(Dataset records)

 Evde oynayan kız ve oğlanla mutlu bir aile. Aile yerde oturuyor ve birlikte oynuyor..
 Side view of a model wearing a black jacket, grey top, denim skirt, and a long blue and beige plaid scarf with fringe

(End Dataset records)
(Dataset records)

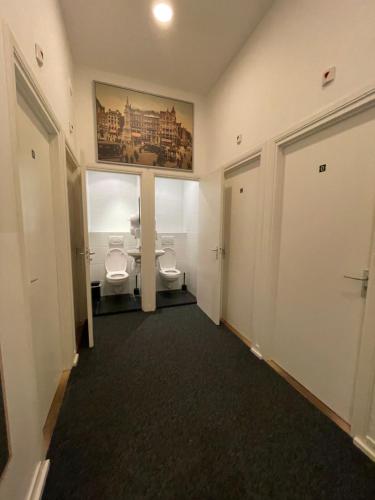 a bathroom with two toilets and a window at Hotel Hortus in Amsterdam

(End Dataset records)

Could you restate, word for word, the lines above from the one with "Evde oynayan kız" to the one with "Side view of", both included?

Task solution:
 Evde oynayan kız ve oğlanla mutlu bir aile. Aile yerde oturuyor ve birlikte oynuyor..
 Side view of a model wearing a black jacket, grey top, denim skirt, and a long blue and beige plaid scarf with fringe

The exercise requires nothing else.